DATA UNDER STUDY>
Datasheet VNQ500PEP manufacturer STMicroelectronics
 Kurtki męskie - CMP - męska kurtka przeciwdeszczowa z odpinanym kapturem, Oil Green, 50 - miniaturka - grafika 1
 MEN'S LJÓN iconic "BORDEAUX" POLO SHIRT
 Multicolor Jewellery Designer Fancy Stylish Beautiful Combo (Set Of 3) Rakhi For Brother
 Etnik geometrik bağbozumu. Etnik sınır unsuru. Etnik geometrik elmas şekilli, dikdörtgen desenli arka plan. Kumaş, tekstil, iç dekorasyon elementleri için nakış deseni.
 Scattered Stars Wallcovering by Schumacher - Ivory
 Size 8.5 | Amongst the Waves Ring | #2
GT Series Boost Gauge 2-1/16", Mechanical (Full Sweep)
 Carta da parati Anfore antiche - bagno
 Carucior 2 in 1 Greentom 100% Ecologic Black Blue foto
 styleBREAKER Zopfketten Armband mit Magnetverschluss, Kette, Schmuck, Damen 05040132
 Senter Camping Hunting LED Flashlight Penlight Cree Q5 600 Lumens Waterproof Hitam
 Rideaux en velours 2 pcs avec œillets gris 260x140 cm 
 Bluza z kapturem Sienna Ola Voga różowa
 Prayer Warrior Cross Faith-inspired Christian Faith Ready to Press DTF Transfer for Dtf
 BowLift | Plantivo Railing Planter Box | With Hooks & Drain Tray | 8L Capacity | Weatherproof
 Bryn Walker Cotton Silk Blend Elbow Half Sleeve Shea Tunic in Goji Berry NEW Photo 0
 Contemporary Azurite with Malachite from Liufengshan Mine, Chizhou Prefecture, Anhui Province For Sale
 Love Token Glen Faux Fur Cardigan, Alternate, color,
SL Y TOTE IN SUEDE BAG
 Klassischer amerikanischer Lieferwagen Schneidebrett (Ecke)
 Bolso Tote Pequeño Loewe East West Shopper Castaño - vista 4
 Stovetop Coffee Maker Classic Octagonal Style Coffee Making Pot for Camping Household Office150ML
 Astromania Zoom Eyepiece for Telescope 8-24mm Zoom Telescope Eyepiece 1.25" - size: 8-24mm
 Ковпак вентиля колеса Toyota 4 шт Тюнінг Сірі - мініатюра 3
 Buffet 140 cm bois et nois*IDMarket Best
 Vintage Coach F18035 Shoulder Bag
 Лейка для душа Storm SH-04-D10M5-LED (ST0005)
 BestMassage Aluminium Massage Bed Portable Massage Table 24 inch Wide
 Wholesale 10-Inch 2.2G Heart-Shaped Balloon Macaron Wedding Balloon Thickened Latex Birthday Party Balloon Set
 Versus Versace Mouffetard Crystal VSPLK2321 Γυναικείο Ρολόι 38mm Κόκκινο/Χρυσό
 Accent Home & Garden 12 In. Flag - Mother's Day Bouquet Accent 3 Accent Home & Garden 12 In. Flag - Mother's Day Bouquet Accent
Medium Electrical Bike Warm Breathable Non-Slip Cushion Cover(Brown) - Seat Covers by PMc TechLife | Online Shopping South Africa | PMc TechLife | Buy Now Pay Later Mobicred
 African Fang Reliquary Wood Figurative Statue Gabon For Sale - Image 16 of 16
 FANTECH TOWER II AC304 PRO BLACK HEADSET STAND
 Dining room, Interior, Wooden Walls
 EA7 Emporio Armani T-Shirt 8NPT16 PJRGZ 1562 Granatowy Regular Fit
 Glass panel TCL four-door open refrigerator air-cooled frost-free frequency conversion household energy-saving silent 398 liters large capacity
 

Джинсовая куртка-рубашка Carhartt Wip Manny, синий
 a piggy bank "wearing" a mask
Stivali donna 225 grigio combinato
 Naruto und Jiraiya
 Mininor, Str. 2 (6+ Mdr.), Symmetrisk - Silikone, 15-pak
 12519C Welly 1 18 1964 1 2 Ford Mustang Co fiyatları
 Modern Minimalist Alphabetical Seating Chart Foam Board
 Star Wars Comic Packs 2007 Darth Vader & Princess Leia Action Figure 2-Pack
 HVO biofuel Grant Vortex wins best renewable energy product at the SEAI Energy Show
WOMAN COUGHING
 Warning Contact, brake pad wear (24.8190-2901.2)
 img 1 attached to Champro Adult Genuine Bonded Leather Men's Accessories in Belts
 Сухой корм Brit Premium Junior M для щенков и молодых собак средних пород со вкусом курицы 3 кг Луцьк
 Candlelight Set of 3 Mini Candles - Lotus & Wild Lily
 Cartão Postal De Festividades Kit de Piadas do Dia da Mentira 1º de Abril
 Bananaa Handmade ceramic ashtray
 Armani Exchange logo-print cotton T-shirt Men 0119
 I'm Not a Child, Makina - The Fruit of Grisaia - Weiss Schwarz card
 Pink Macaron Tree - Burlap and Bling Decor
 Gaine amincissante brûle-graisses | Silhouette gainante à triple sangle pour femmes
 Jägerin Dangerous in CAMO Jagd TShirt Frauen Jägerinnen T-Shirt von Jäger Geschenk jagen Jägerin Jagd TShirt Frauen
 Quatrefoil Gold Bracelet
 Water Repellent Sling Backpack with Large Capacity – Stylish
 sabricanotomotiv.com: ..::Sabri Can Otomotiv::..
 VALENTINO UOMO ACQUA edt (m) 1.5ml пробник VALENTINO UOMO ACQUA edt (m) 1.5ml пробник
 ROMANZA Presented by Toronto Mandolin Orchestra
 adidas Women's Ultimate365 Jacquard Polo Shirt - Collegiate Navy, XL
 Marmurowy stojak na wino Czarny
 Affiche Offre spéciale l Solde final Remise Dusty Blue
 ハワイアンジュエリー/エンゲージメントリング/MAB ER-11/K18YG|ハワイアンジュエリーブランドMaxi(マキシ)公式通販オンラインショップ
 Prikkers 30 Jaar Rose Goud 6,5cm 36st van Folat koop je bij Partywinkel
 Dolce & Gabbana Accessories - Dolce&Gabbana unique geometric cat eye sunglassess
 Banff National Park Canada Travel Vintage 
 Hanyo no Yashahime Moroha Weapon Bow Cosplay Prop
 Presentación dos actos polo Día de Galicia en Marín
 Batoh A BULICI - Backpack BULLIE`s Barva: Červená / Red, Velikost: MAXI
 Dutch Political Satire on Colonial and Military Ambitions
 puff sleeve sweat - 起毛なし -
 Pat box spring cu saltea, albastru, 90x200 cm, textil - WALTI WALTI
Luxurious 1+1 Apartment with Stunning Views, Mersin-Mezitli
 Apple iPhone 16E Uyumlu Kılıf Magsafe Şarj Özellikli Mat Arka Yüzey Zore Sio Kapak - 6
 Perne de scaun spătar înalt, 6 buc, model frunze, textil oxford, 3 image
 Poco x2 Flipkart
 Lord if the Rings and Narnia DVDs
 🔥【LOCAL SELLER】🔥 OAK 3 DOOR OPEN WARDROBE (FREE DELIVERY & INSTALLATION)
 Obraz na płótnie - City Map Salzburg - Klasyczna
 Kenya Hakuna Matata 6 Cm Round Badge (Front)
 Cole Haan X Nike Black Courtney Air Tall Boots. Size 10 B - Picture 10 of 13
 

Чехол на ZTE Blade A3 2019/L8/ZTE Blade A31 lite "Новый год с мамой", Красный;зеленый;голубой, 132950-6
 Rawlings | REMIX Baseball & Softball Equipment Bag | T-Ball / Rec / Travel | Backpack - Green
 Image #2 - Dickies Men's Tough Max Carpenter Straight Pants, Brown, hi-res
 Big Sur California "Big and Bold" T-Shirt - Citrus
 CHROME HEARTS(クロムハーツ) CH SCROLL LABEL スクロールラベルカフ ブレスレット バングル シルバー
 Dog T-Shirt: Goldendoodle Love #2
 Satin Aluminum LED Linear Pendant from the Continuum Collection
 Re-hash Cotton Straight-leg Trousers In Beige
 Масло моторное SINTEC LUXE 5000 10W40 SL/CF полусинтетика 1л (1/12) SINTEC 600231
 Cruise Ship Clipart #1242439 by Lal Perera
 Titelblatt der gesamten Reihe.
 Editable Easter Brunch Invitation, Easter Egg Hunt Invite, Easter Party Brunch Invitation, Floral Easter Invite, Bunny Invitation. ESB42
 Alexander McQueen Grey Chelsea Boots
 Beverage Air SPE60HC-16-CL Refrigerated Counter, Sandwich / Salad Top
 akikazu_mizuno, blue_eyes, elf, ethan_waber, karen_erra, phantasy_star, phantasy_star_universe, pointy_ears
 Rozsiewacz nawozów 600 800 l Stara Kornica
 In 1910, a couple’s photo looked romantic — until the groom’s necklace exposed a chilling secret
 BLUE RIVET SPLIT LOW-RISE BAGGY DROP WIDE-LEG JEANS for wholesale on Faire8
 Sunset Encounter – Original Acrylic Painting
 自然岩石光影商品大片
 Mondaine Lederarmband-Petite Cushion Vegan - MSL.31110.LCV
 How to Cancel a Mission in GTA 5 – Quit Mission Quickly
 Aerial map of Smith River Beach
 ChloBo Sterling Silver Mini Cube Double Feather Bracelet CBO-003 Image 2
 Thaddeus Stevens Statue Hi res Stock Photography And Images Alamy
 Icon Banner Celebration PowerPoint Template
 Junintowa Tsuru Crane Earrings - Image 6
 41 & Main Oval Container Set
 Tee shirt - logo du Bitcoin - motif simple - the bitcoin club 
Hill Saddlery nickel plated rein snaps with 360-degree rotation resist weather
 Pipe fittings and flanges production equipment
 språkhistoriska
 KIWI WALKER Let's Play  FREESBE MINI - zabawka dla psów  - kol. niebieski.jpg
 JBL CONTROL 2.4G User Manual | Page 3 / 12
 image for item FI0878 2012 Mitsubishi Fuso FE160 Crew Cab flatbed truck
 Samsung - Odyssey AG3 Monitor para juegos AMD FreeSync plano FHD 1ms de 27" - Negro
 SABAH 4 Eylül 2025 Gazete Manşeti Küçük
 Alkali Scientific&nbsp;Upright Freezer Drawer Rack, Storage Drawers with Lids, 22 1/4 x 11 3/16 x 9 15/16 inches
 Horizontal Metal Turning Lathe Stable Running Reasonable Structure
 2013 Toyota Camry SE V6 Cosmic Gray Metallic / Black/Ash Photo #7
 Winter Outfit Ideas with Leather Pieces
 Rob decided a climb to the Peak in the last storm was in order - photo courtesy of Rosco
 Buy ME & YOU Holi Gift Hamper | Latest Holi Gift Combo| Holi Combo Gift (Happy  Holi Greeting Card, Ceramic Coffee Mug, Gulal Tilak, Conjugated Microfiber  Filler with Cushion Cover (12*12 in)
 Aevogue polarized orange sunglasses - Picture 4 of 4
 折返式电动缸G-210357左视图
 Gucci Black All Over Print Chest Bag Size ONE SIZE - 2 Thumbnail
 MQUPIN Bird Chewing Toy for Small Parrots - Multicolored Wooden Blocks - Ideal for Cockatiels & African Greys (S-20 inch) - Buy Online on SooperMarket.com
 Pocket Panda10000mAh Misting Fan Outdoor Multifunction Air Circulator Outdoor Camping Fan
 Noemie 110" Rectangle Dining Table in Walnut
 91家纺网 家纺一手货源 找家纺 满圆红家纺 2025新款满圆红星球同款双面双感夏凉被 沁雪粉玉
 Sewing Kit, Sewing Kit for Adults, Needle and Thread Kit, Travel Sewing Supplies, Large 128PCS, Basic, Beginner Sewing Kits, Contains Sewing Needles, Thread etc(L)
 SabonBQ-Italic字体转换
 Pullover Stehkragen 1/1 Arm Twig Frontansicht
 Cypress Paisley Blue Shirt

TASK GOAL>
When you reach the line in the material above that holds "Jägerin Dangerous in", begin reproducing lines exactly, and stop after the line that holds "Marmurowy stojak na wino Czarny".

YOUR RESPONSE>
 Jägerin Dangerous in CAMO Jagd TShirt Frauen Jägerinnen T-Shirt von Jäger Geschenk jagen Jägerin Jagd TShirt Frauen
 Quatrefoil Gold Bracelet
 Water Repellent Sling Backpack with Large Capacity – Stylish
 sabricanotomotiv.com: ..::Sabri Can Otomotiv::..
 VALENTINO UOMO ACQUA edt (m) 1.5ml пробник VALENTINO UOMO ACQUA edt (m) 1.5ml пробник
 ROMANZA Presented by Toronto Mandolin Orchestra
 adidas Women's Ultimate365 Jacquard Polo Shirt - Collegiate Navy, XL
 Marmurowy stojak na wino Czarny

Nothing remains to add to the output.